About this exercise: In the entries that follow, find every line containing "Classic" and copy it.

Data shown:
++++++++++
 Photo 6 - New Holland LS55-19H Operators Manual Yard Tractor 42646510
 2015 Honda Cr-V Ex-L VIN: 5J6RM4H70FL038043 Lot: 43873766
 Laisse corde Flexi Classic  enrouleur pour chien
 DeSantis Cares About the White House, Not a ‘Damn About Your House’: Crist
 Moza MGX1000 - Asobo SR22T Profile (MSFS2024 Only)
++++++++++
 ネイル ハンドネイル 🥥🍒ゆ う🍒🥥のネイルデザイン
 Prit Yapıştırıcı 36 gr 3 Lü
++++++++++
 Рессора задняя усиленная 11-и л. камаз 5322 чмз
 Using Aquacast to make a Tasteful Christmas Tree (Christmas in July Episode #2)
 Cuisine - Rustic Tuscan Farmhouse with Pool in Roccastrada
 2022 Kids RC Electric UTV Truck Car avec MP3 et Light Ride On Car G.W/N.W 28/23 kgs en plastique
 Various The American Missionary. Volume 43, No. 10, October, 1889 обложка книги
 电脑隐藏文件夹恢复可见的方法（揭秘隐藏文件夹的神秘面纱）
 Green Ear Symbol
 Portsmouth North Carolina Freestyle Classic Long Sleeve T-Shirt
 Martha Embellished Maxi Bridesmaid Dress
++++++++++
Response below:
 Laisse corde Flexi Classic  enrouleur pour chien
 Portsmouth North Carolina Freestyle Classic Long Sleeve T-Shirt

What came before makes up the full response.